The akarriden blade burned angrily, twitching. “This is a soul-eater. It powers itself with the essence of those it strikes. Drive it in deep, and it will eventually devour her.”

  Dry-mouthed, Cob looked to Enkhaelen, but he was still unconscious in his wire-strand prison. “I don't understand,” he protested. “What d'you think magic will do to you? I mean—don't you already use it? The cloud-serpents, your lightning...”

  “This?” It gestured at the sparks rippling through its interior. “This is not magic, merely loose energy. Our Spire harvests the wind and the storm passively; we do not force our will upon it. As for the serpents, they are our neighbors. They aid us sometimes with humans who would seek our Primordial's attention.”

  “All right, but...what can she do t' you? She's one soul among...how many?”

  The elemental's face twisted, wires scraping over each other harshly. “Even one is too many. We banished our quicksilver kin from this place when they refused to abandon their foolish pursuits, and so survived when the other magic-afflicted Houses died. That she was raised by our fallen brethren is another strike against her, but even were she not, we would see her eradicated.”

  “Died? But you're metal.”

  “You question this while bearing a shard of Yesai Miun's flesh?”

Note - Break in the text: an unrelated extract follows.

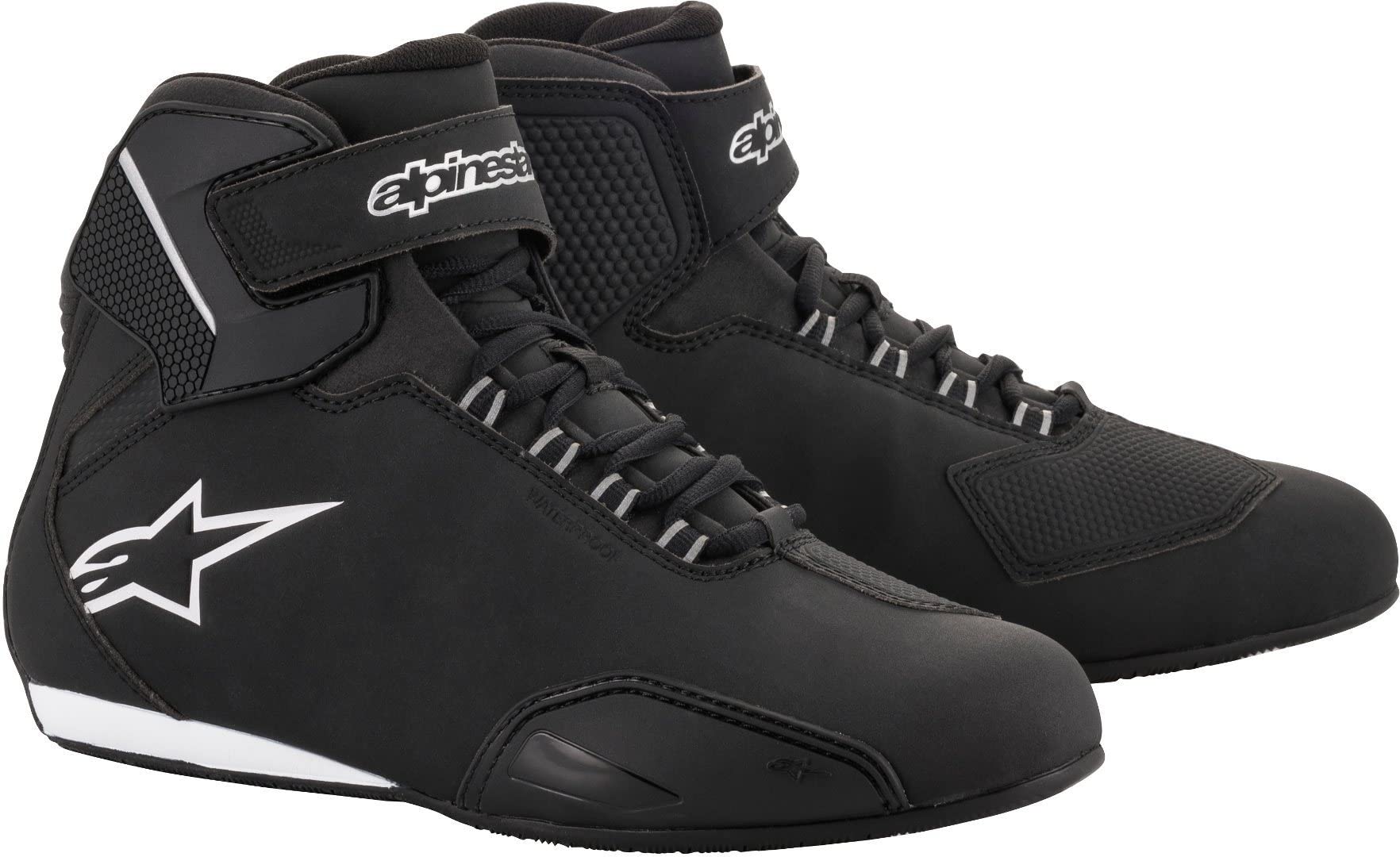 Alpinestars Stella Sektor Waterproof Shoes, CE-Certified Womens Riding Gear, 7, Black/Silver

  Yesai Miun… Jessamyn, he guessed. Imperialized. How many of us are out there, trekking through life under names that don't fit? “Yeah, but that was an attack made especially to kill one of you. And she's not really dead, because your essences go back to your Primordial, like the skinchangers go to their spirits. Right?”

  “It is still a death,” intoned the elemental gravely. “We are subsumed by our Primordial and will not be extruded in the same form again. Our memories are sifted and filed away into the collective, a resource for all without the remnants of their carrier. We mourn the loss of Yesai Miun as an individual, no matter that we are not fully parted.”